On foot of Lancaster confirming his departure to Racing 92 at the season’s end at an emotional squad meeting last Monday, Henshaw admitted:
“It’s going to be a big loss for us, given what he has done the last seven years. He is a great character and a great coach. A coach that really has an impact on a lot of players personally with how he treats you and how he gives you time, how he will open the floor to you and ask you what you think, how he can challenge you to grow as a player and as a leader.
“Racing are getting a brilliant coach but we have the rest of the season to do our best and send him off on a high.”

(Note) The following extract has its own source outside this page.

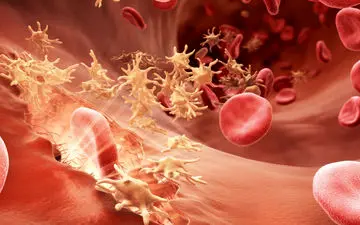 هموفیلی بیماری وابسته به جنسیت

By dint of his infamous Tuesday training sessions, his individual relationships with the players and in overseeing both their defence and attack, Lancaster helped transform a team which had a winning ratio of 60% and a try-scoring average of two per game in the season before he joined to one whose figures rose to 80% and four tries per game.
They maintained those averages for six seasons as they won a Champions Cup, reached two more finals, two semi-finals and a quarter-final, as well as winning five successive Pro14 titles.
The most consistently prolific and competitive side in Europe during Lancaster’s time, in truth they were a little unlucky not to win more. Asked what has been Lancaster’s biggest contribution, Henshaw said: “The way he trains us.
“Again, [he is] a different coach in the sense that he would look to other high-performing teams. He would look at the likes of the LA Lakers, the Patriots, and take bits of how they were coached under pressure and bring that into our training and into our preparation.
“So, he wouldn’t just look at rugby alone, he would look at a wide variety of sports and successful teams, how they won trophies and what we could take from their mindset, their processes and drive it forward for us.
“Probably the game-changer with him was the training on Tuesdays, the ‘Stuesdays’, and he would always integrate every player. There was never anyone standing on the sideline. You would always have 40 players in training and just getting players better.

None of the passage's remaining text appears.